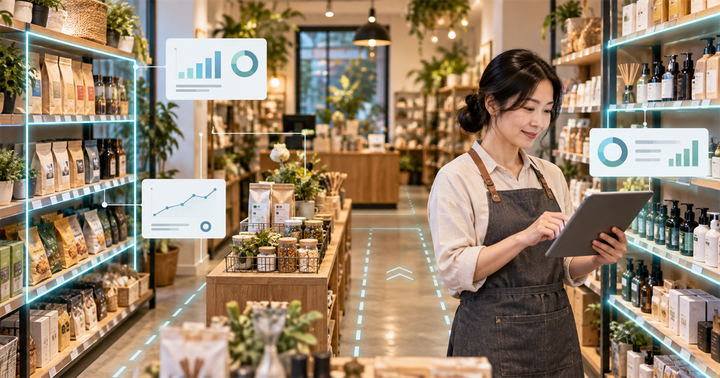 店主在商品貨架與門市動線旁用平板檢查 AI 陳列分析儀表板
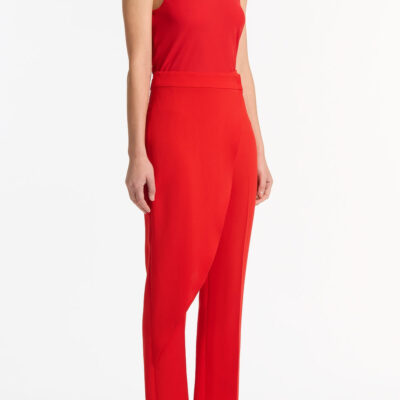 Carla Zampatti Red Crepe Drape Front Pant - Image 2
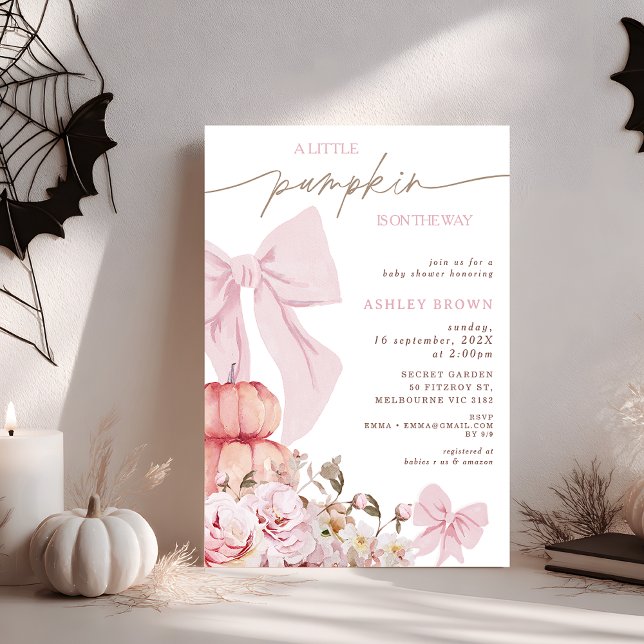 Coquette Bow rose Floral Baby shower Invitation (Editable Pink Bow Pumpkin Girl Baby Shower Invitation, Little Pumpkin Baby Shower Invitation Girl)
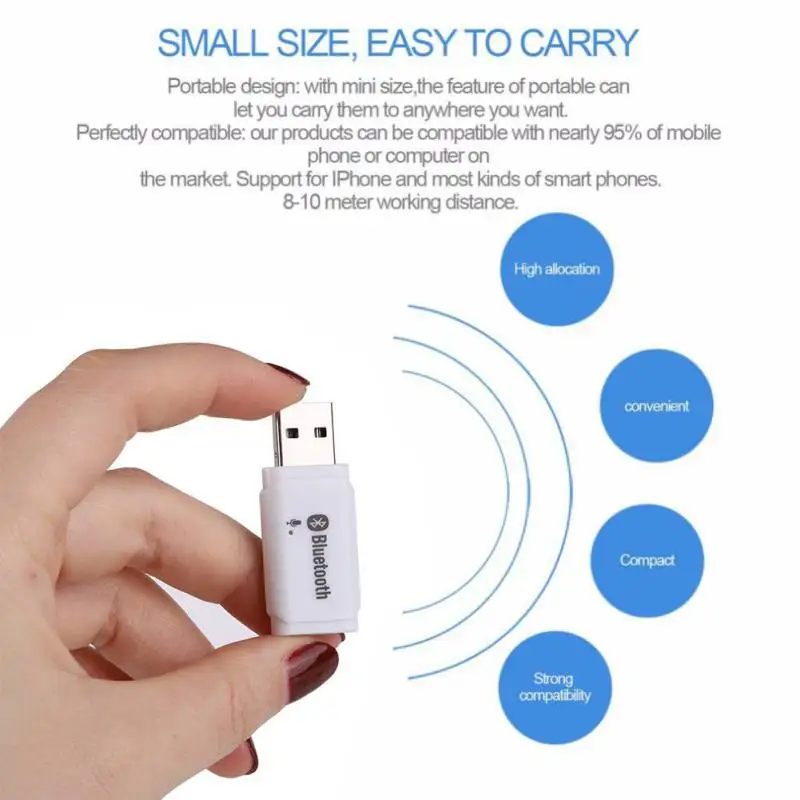 Мини USB беспроводной адаптер Bluetooth 5 0 стерео аудио приемник с микрофоном для ПК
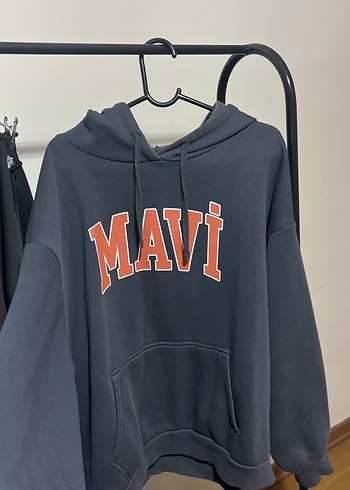 Mavi Kapusonlu Rahat Sweatshirt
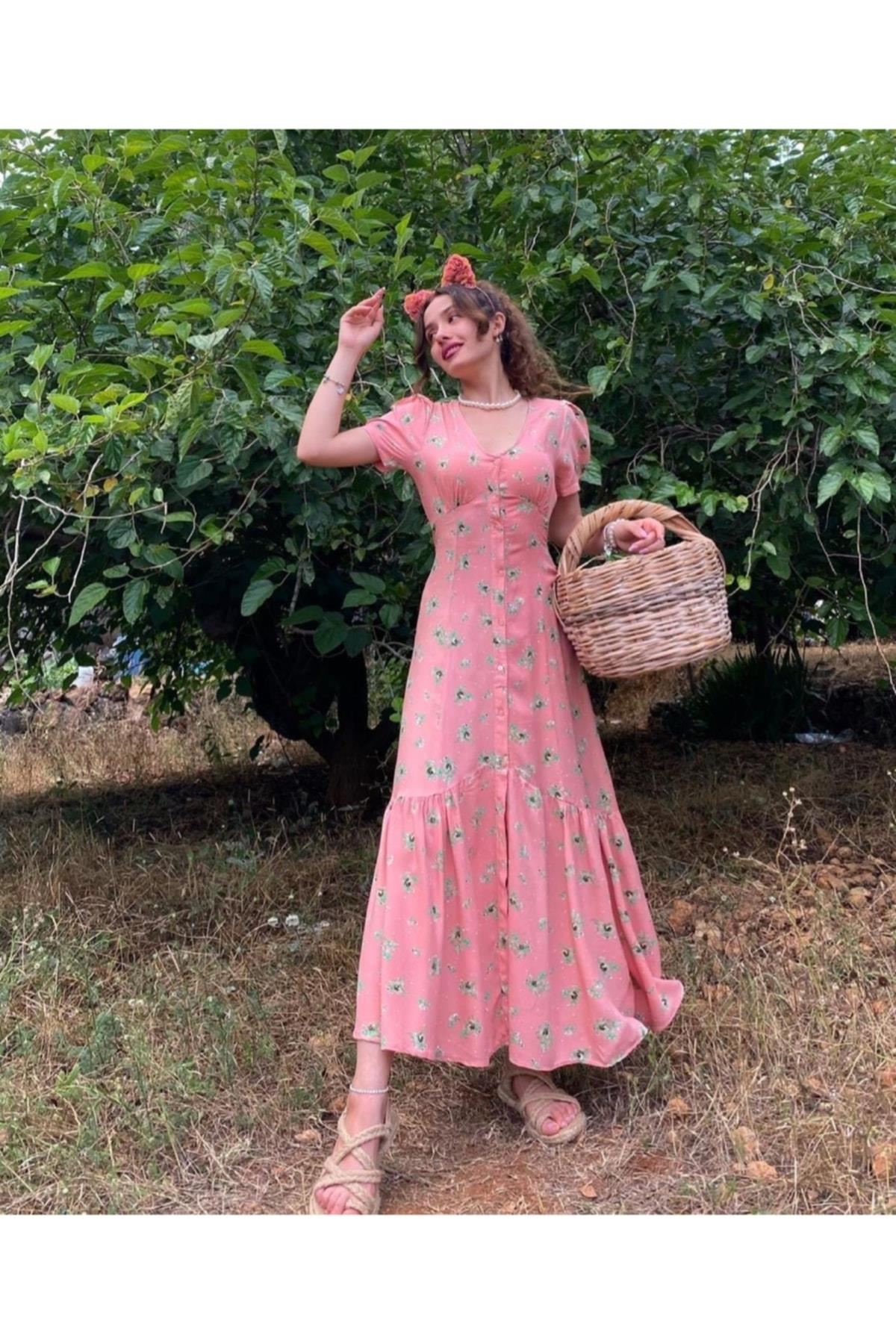Kadın Pembe Çiçekli Düğmeli Elbise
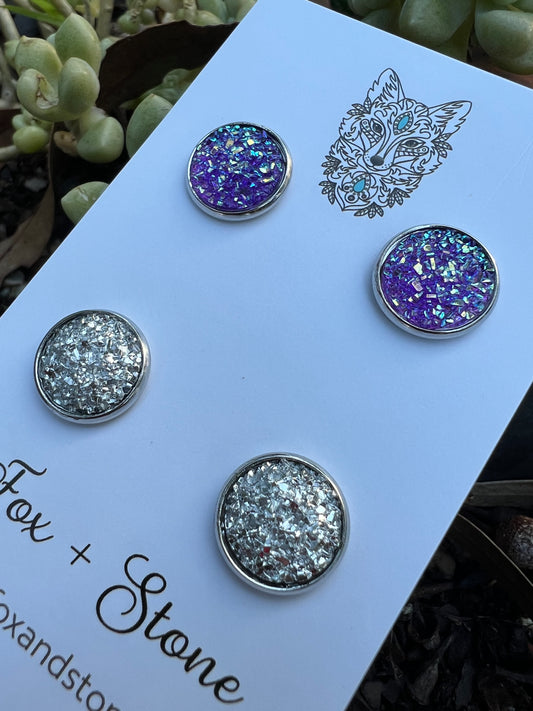 Gorgrous Druzy Dangle Stud Earrings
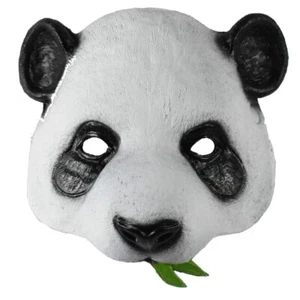 Adult White & Black Panda Bear Head Foam Mask Halloween Party Costume Accessory - Picture 1 of 5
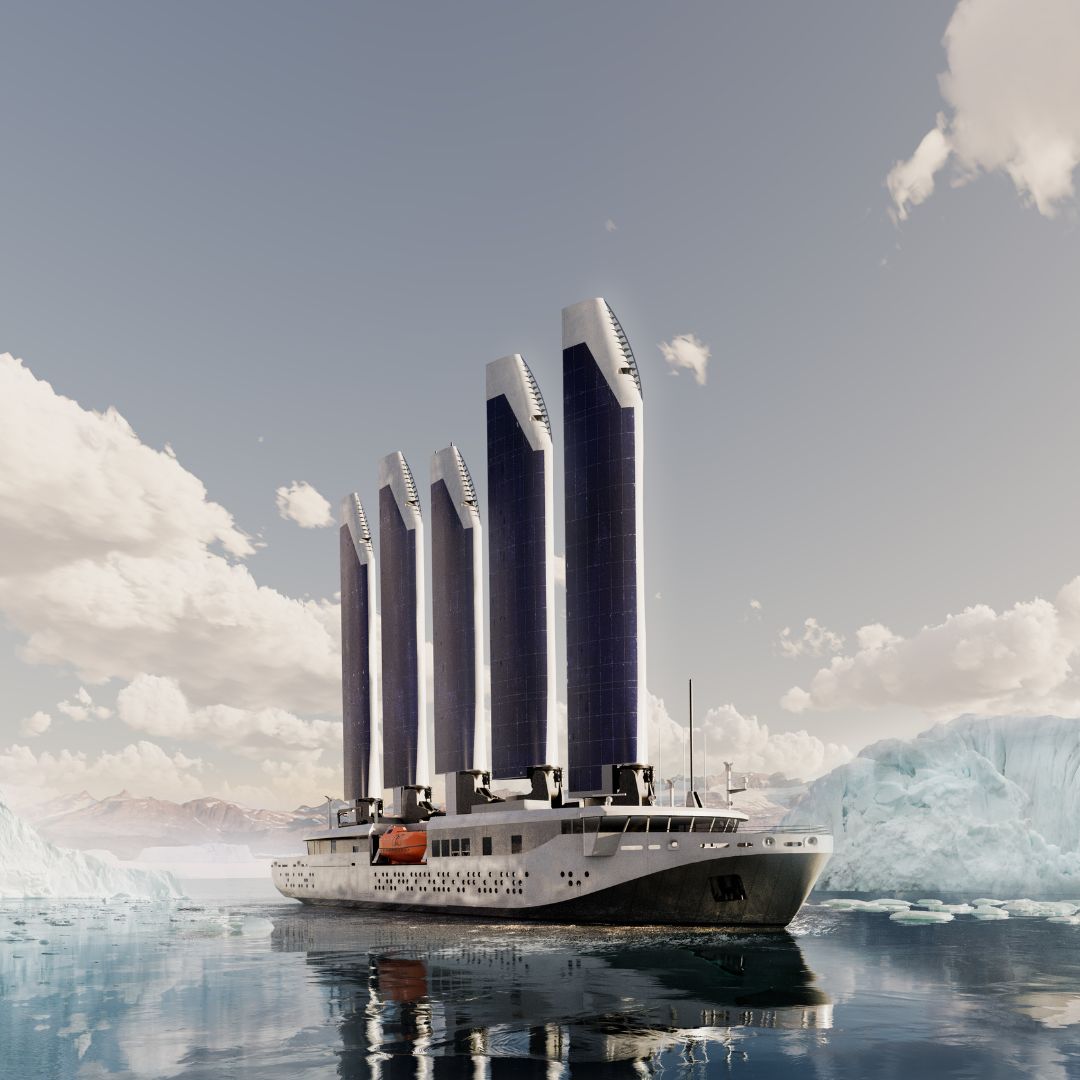 A futuristic ship with five tall, sleek towers resembling wind turbines is surrounded by icebergs in a serene, cloudy landscape. The ship has a modern design with solar panels and an orange lifeboat visible on its deck.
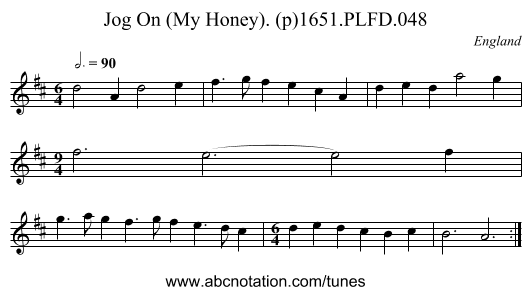 Jog On (My Honey). (p)1651.PLFD.048 - staff notation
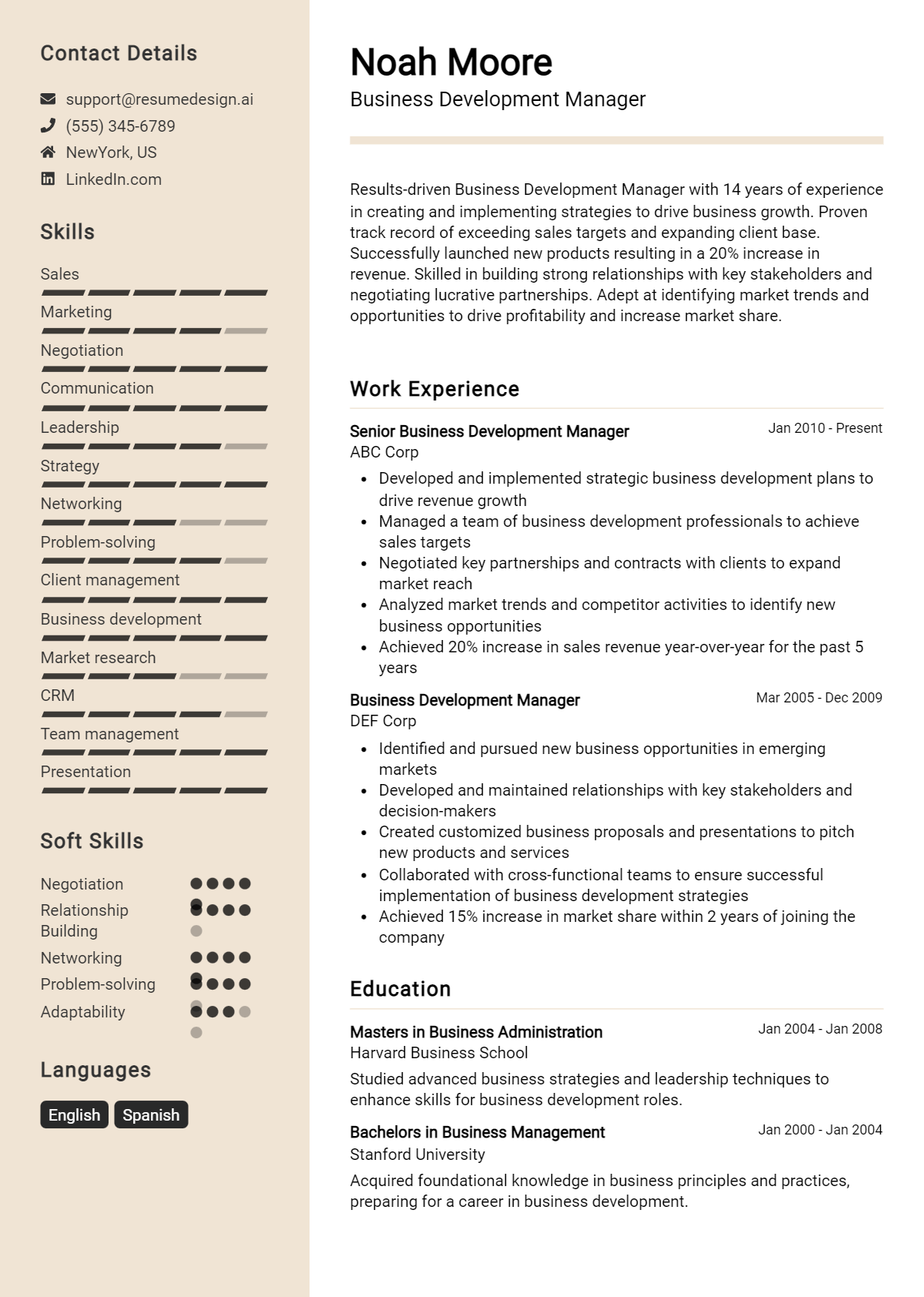 Business Development Manager Resume Example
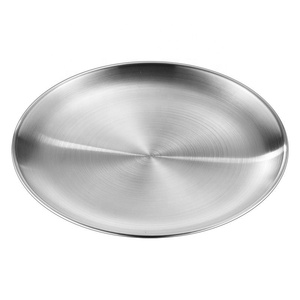Assiette de service ronde en acier inoxydable 201 pour barbecue coréen, plateau de cuisson pour camping, pique-nique, extérieur, 14-45 cm, argent - Product Image 1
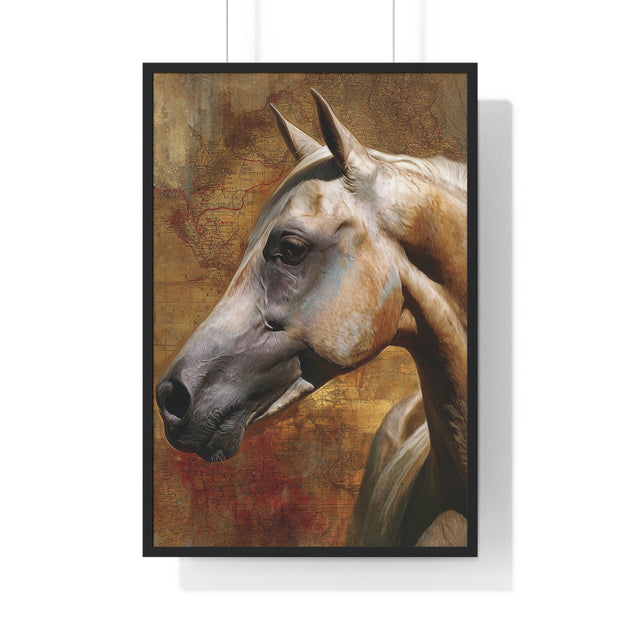 Majestic Horse Vertical Framed Poster | Equine Wall Art, Horse Lover Gift, Rustic Home Decor, Equestrian Art, Animal Print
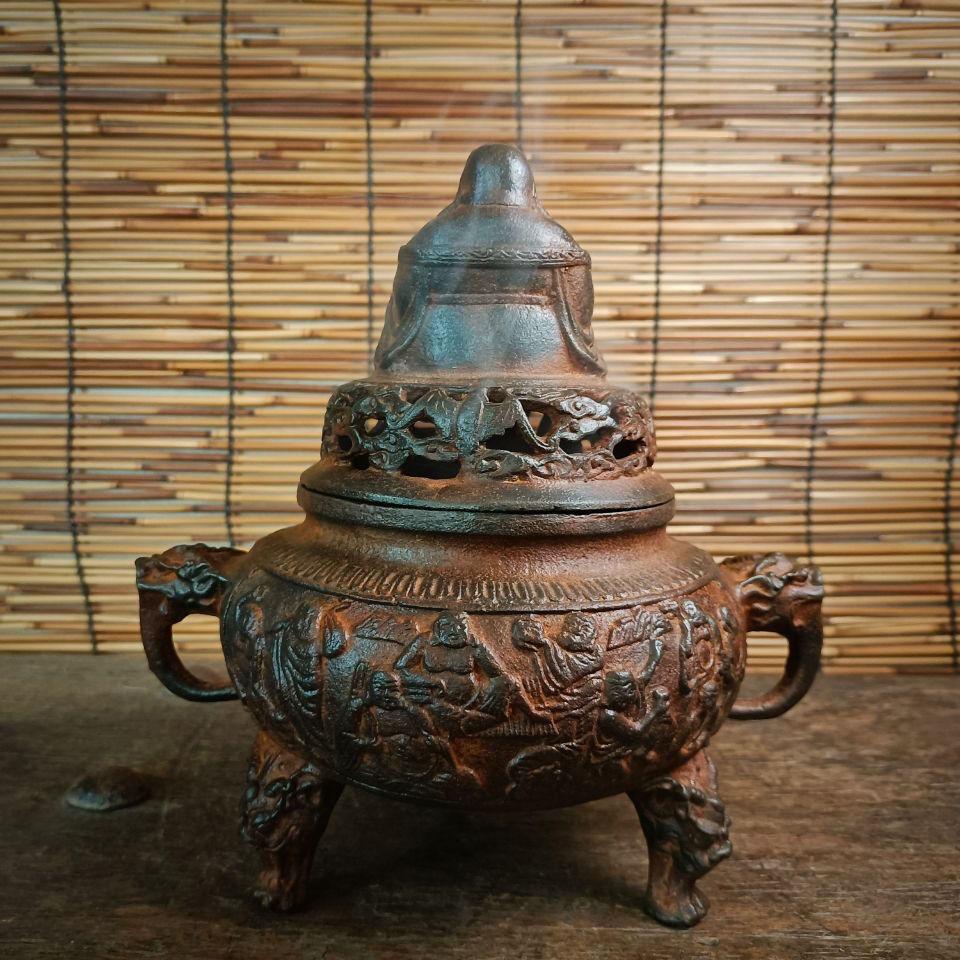 20th Century Vintage Chinese Iron Carving Eighteen Arhats Incense Burner For Sale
━━━━━━━━━━
### [PROBLEM]
Every entry above should come back exactly as written, except for its pictures.

### [SOLUTION TO THIS TASK]
 店主在商品貨架與門市動線旁用平板檢查 AI 陳列分析儀表板
 Carla Zampatti Red Crepe Drape Front Pant - Image 2
 Coquette Bow rose Floral Baby shower Invitation (Editable Pink Bow Pumpkin Girl Baby Shower Invitation, Little Pumpkin Baby Shower Invitation Girl)
 Мини USB беспроводной адаптер Bluetooth 5 0 стерео аудио приемник с микрофоном для ПК
 Mavi Kapusonlu Rahat Sweatshirt
Kadın Pembe Çiçekli Düğmeli Elbise
 Gorgrous Druzy Dangle Stud Earrings
 Adult White & Black Panda Bear Head Foam Mask Halloween Party Costume Accessory - Picture 1 of 5
 A futuristic ship with five tall, sleek towers resembling wind turbines is surrounded by icebergs in a serene, cloudy landscape. The ship has a modern design with solar panels and an orange lifeboat visible on its deck.
 Jog On (My Honey). (p)1651.PLFD.048 - staff notation
 Business Development Manager Resume Example
Assiette de service ronde en acier inoxydable 201 pour barbecue coréen, plateau de cuisson pour camping, pique-nique, extérieur, 14-45 cm, argent - Product Image 1
 Majestic Horse Vertical Framed Poster | Equine Wall Art, Horse Lover Gift, Rustic Home Decor, Equestrian Art, Animal Print
 20th Century Vintage Chinese Iron Carving Eighteen Arhats Incense Burner For Sale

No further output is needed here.